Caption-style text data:

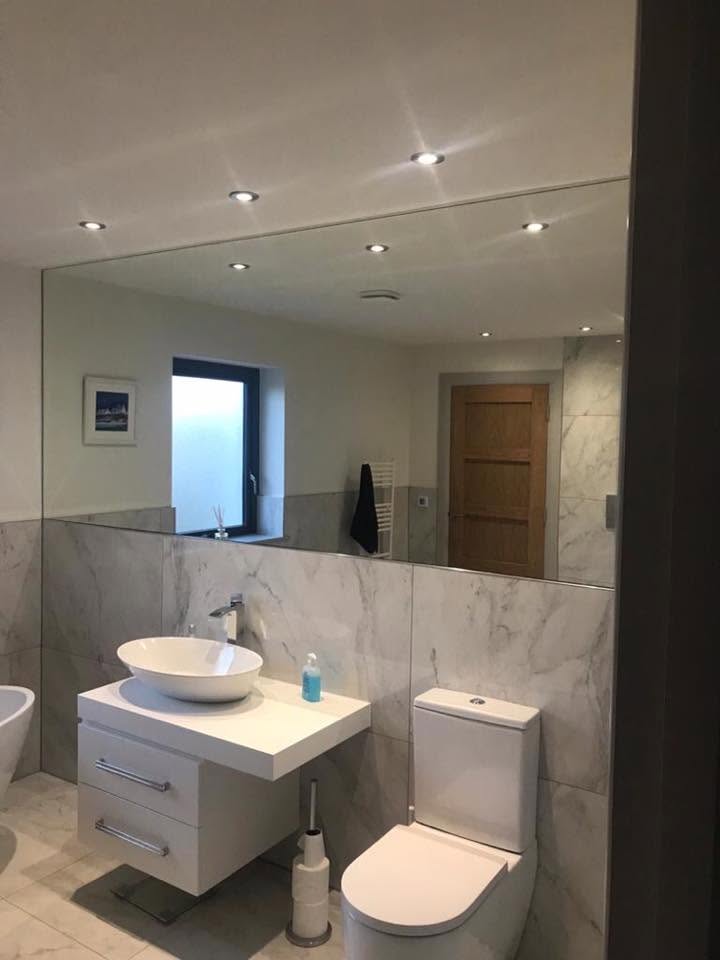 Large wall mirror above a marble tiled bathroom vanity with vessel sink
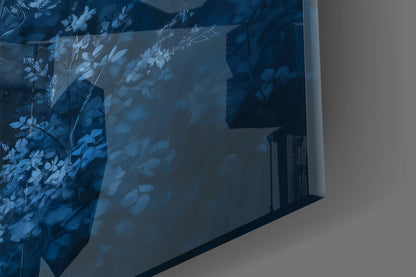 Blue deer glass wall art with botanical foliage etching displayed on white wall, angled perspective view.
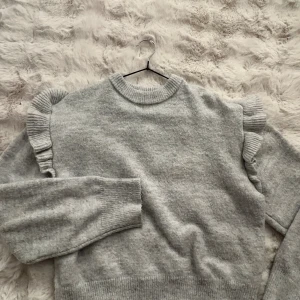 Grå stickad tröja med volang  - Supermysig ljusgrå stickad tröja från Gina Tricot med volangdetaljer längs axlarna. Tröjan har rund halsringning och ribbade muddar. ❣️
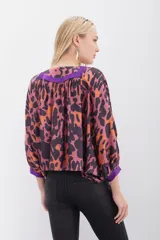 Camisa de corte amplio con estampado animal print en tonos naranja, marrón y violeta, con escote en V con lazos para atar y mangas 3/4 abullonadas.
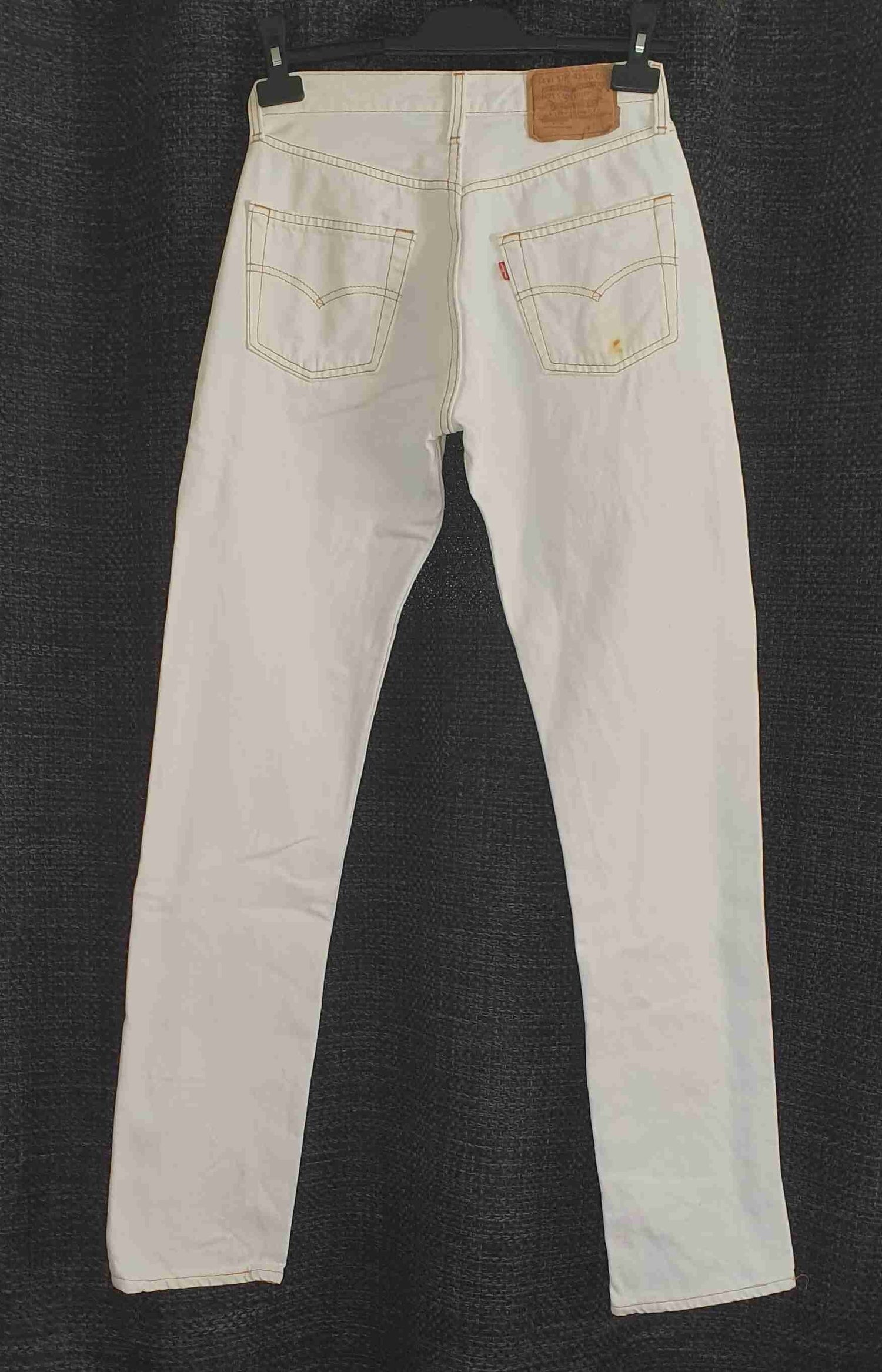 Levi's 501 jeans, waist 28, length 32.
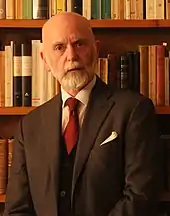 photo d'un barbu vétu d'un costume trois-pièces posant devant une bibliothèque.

To do: Give the entries again word for word, but skip the pictures.

Problem solution:
 Large wall mirror above a marble tiled bathroom vanity with vessel sink
 Blue deer glass wall art with botanical foliage etching displayed on white wall, angled perspective view.
 Grå stickad tröja med volang  - Supermysig ljusgrå stickad tröja från Gina Tricot med volangdetaljer längs axlarna. Tröjan har rund halsringning och ribbade muddar. ❣️
 Camisa de corte amplio con estampado animal print en tonos naranja, marrón y violeta, con escote en V con lazos para atar y mangas 3/4 abullonadas.
 Levi's 501 jeans, waist 28, length 32.
 photo d'un barbu vétu d'un costume trois-pièces posant devant une bibliothèque.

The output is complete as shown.